Но в тот вечер и они молчали. Время застыло, и воздух заполнила пыль опавшей листвы.

В отчаянии, ругая себя, ненавидя за лень своего изнеженного мягкого тела, пошла нарезать круги вокруг квартала. Через час опустилась на ту самую найденную скамейку – рядом с памятником, откуда открывается вид на Куру, вечный огонь для самаси арагвели и три храма. Я смотрела на другой берег, но думала о чем-то очень здешнем, конкретном, назойливом. Купить по дороге домой масла, снять денег, написать хозяйке про сломанный душ. Комиссия в банке, завтрашние дела, помыть пол.

Но фоном лежали мои похоть и гнев, как скатерть кричащего цвета, которая ни к чему на столе не подходит. Все было окрашено алым, в цвет заката.

Вдруг кто-то уселся справа. Он подошел такими легкими шажками, словно тень, что я даже вздрогнула и резко обернулась. Мальчик, наверное из компании подростков-травокуров наверху. Щуплый, лет восемнадцати, губы на пол-лица, на шею свисают темные завитки.

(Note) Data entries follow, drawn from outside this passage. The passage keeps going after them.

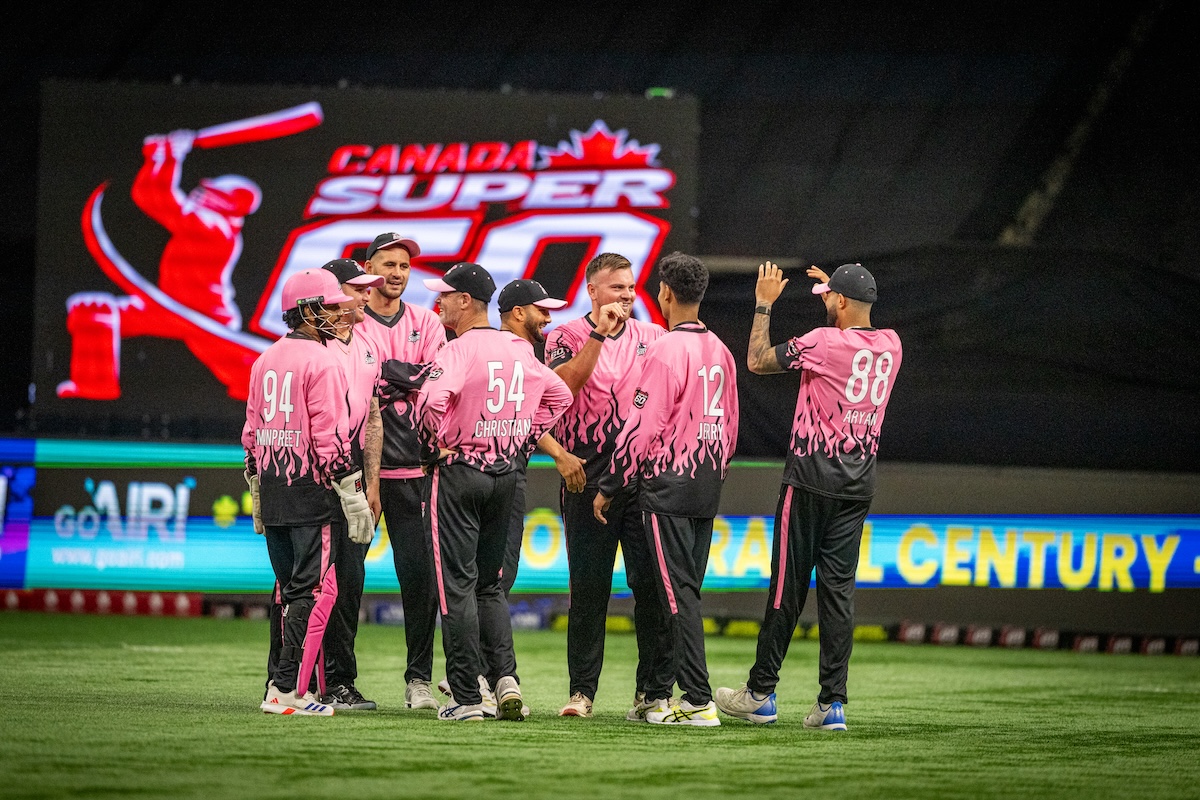 Canada Super 60 Match 6 — Toronto Sixers vs Whiterock Warriors — photo 14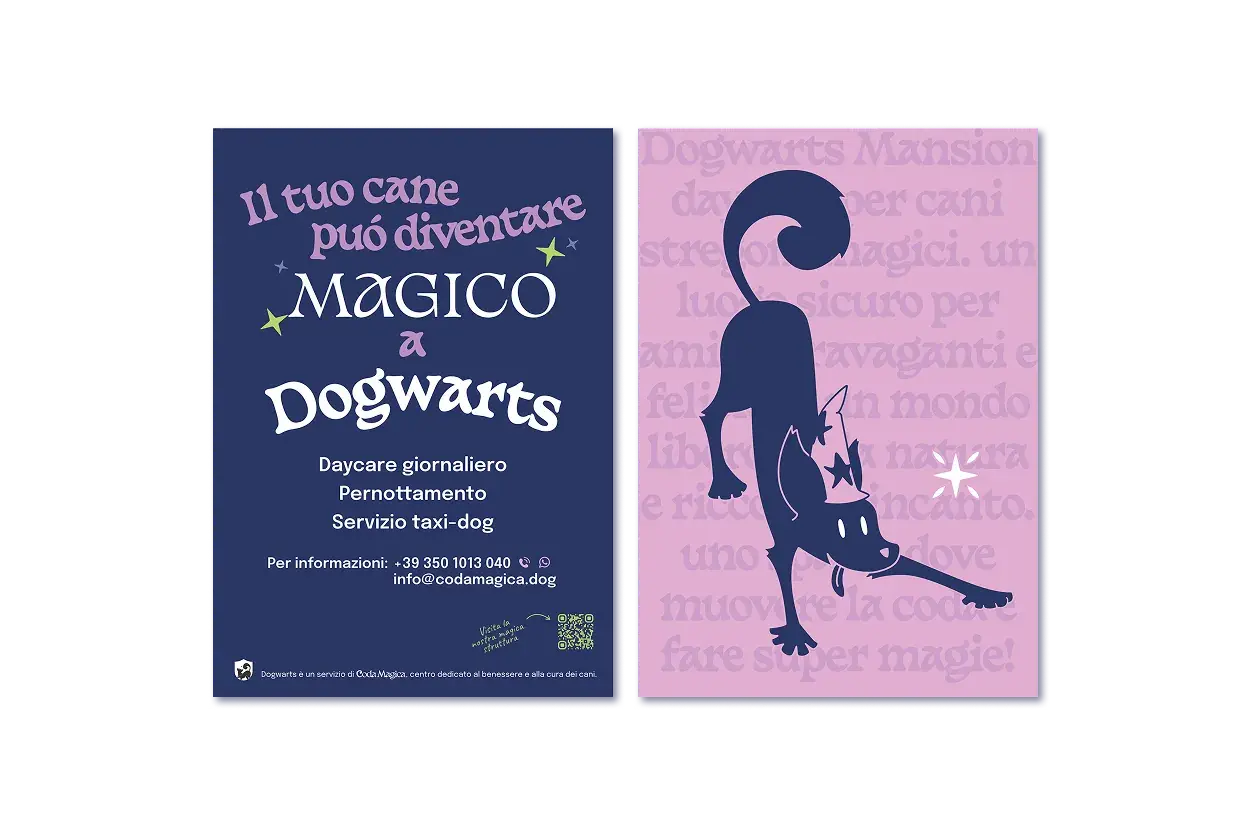 Coda Magica Flyer Mockup
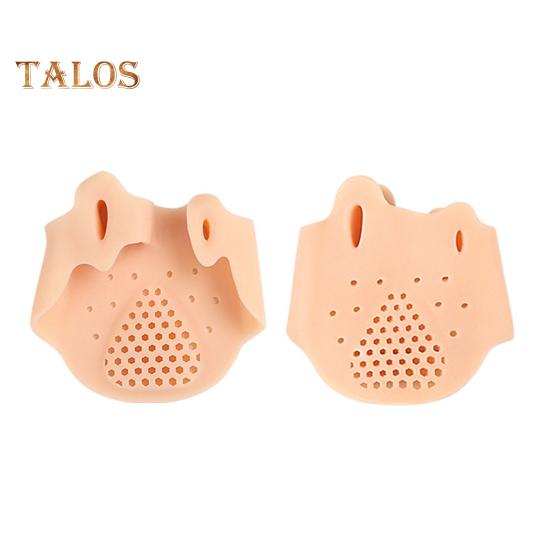 1 Paar Zehenspreizer aus Silikon, orthopädische Ballenzehen-Zehenspreizer, wiederverwendbarer Zehenspreizer zur Fußausrichtung, für Männer und Frauen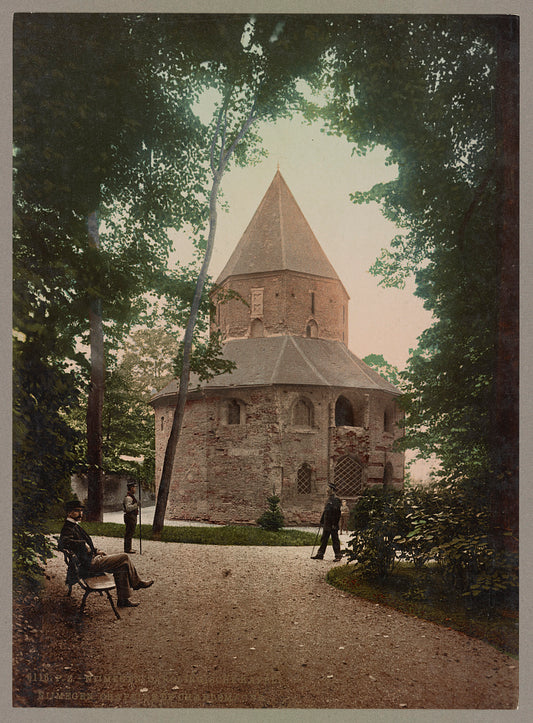 A picture of Nijmegen. Carolingische Kapel. Nijmegen. Chapelle de Charlemagne.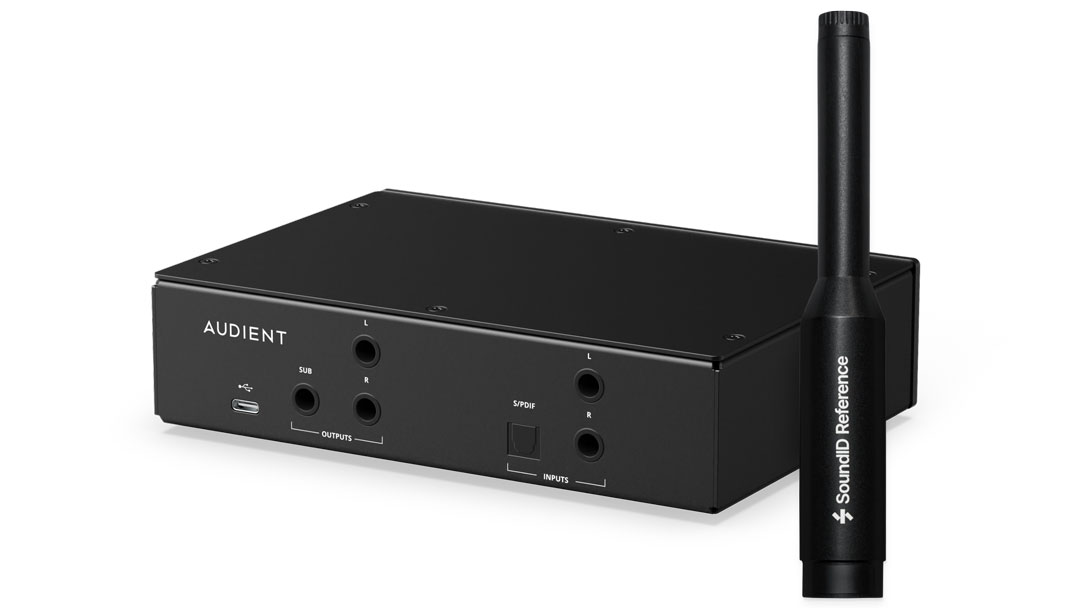 Audient ORIA Mini Room Correction System Launched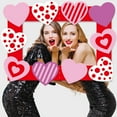 thumbnail image 1 of 1PC Valentines Picture Frames, Valentines Day Photo Props, Romantic Valentine’s Day Selfie Photo Picture Frame and Conversation for Valentine‘s Day, Craft Art, Home Decor, 1 of 6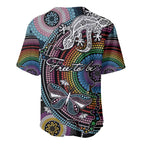 Sydney Pride Aboriginal Baseball Jersey Free To Be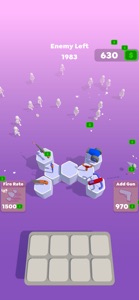 DefendAndMerge screenshot #2 for iPhone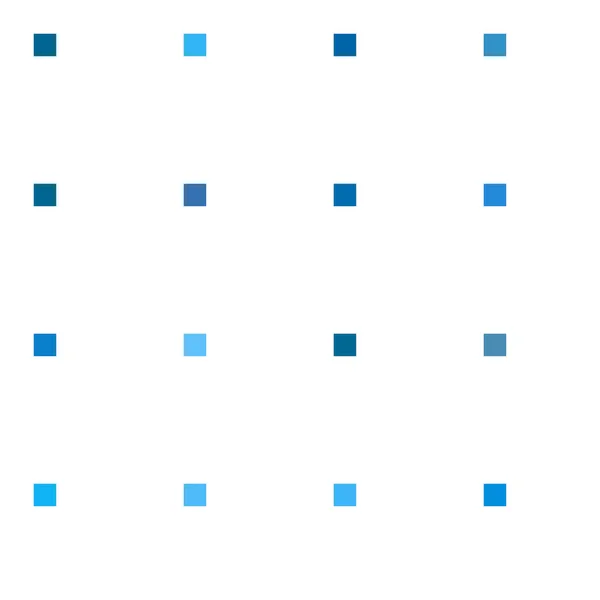 Eenvoudige Effen Kleurrijke Vierkanten Herhaalbare Naadloze Achtergrond Patroon Vierkanten Geruite — Stockvector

Мальчик жестом попросил сигаретку – это было очень кстати, мне и самой хотелось курить. Достала из рюкзака пачку и протянула ему. В ответ он движением, которое мечтало выглядеть изящно, прикурил мне от своей зажигалки. У него маленькие руки с длинными пальцами и царапинами на костяшках. Уличный. Лицо красивое, скуластое, но мягкое. Кожа как у персика. Еще черные ресницы, такие длинные, каких у меня не получилось бы ни с какой тушью на свете, и кончик брови вразлет. И ведь ни черта же с собой не делает, вряд ли ценит эту красоту, вряд ли вообще знает, что красив, – а если и знает, то поскорее хочет избавиться от этого напрасного дара.

Почувствовав мой взгляд, он развернулся. Глаза у него ярко-зеленые, но белки, конечно, покраснели от травки[7]. Заговорил, и сначала мне показалось, что у него проблемы с речью: заикание, запинание, все сразу. Потом я поняла, что это все его английский, broken[8] настолько, что от него осталось маловато кусочков. Он долго подбирал слова и нанизывал их на предложение так мучительно, что процесс становился почти осязаемым.

– Почему ты одна тут? – наконец выдавил он.

Для них ненормально, если человек проводит время один, это верно. У тебя нет права на личное время, пространство, секреты, уединение. Даже у банкомата кто-нибудь да заглянет через плечо – без злого умысла, без умысла вообще. Просто так.

Я пожала плечами. Он затянулся, стараясь держать запястье вывернутым. Я ждала, пока он докурит и, наверное, уйдет, стрельнув еще две-три сигареты. Странно, но мне не хотелось, чтобы он уходил. Нам не о чем особенно было говорить, и, пока он пытался выдавливать из себя слова, я разглядывала его и в душе по привычке жалела, что не привела лицо в порядок.

Но произошло странное: он затушил окурок и забрался на скамейку с ногами, как птенец. Черные кудри тут же рассыпались по щекам – он нетерпеливым, детским движением заткнул их за уши. Зачем-то попросил показать мой плейлист, полистал его так же быстро и нетерпеливо, помотал головой, отдал телефон и включил что-то свое. Я уставилась на свои кроссовки и что-то спрашивала: имя, где он живет, чем занимается.

Компания наверху давно ушла – оказалось, он вообще был не оттуда, просто проходил мимо, он часто бывает здесь, это как бы его скамейка, а не моя, но ничего, он разрешает. Каким-то животным движением он потянулся ко мне, понюхал мои волосы и сказал, что я smell like heaven[9]. Я рассмеялась. Он потерся кудрями о мое плечо – вот тогда-то я впервые назвала его Кисулей, пока только про себя. У него органично, как будто независимо от его маленькой головы, все получалось: сесть чуть ближе, взять меня за руку, разглядывая пальцы, чмокнуть в щеку, погладить по шее, наконец вобрать своими большими мягкими губами мои, и поцеловать меня, и требовательно положить мои ладони на свои щеки.